Lo sé, Roque. Pero si nos unimos Hermenegildo en Galicia, Sarracino en León y yo en Castilla, Alfonso lo va a tener muy difícil para vencernos a los tres. La operación puede tener éxito. Ahora lo que hace falta es que lleguen esas noticias de Galicia.
Los dos amigos conversaban despreocupadamente a la orilla del río. De pronto se oyó el galopar de un caballo. No tardó en llegar hasta ellos uno de los criados del conde.
Don Diego, ha llegado al castillo un escuadrón del rey. Vienen a deteneros. Yo he podido escapar por la puerta de servicio para venir a avisaros. Tienen a todos los habitantes del castillo retenidos y no dejan salir a nadie. Os están buscando, señor.
El conde se quedó atónito. Era lo último que esperaba oír.

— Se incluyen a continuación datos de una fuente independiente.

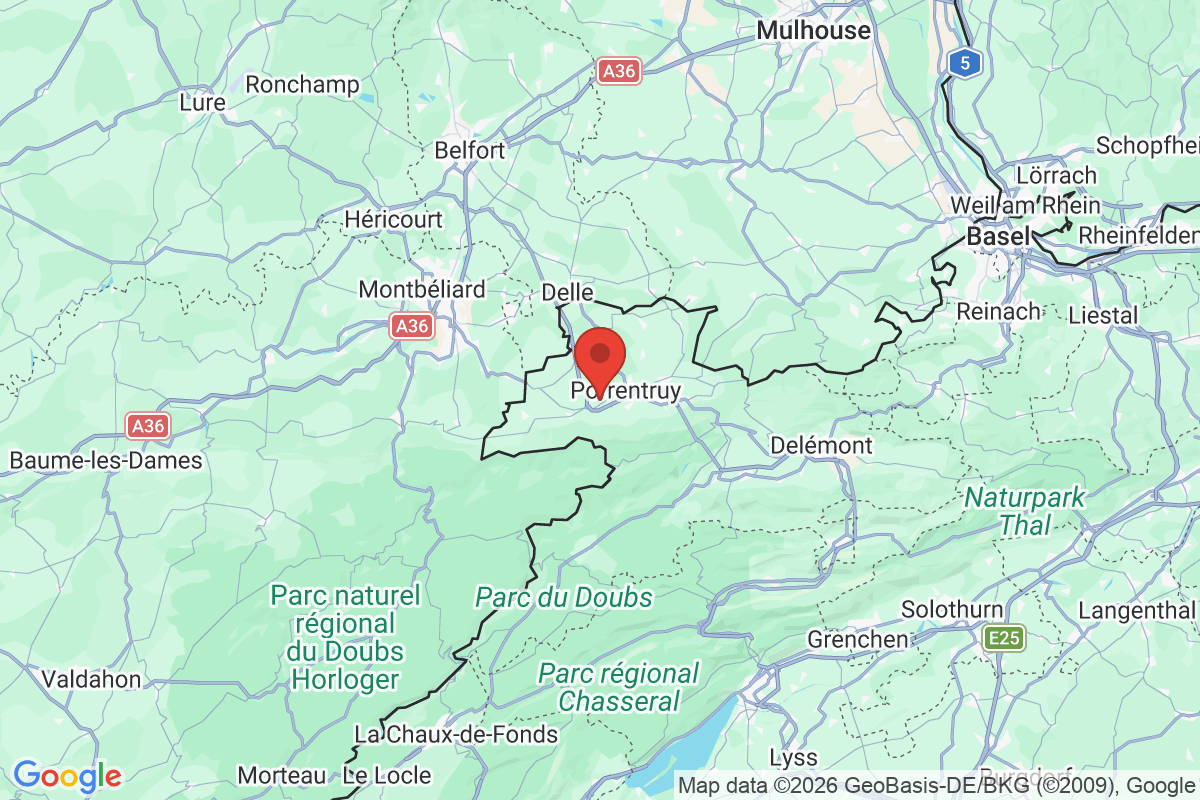 Prévisualisation de la carte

No perdamos tiempo. Huyamos a toda prisa.
¿Hacia dónde, señor?
Hacia el norte, hacia las montañas.
Los tres jinetes pusieron rumbo a las montañas. Espolearon las cabalgaduras para alejarse lo antes posible de aquel lugar donde corrían demasiado peligro, pero no lo hicieron con tanta celeridad como hubieran deseado. Detrás del criado del conde habían partido también una docena de soldados del rey. Lo vieron ausentarse por la puerta de servicio y lo siguieron a cierta distancia sin que él se diera cuenta de su presencia. Cuando descubrieron que el conde y sus dos acompañantes partían a galope, salieron en pos de ellos. Al cabo de varias horas de fatigosa persecución, dieron alcance a los fugitivos en Cornudilla donde los apresaron. El conde don Diego fue ejecutado allí mismo y sus descendientes perdieron el privilegio de heredar el condado de Castilla. A partir de entonces éste se dividiría entre varias familias condales.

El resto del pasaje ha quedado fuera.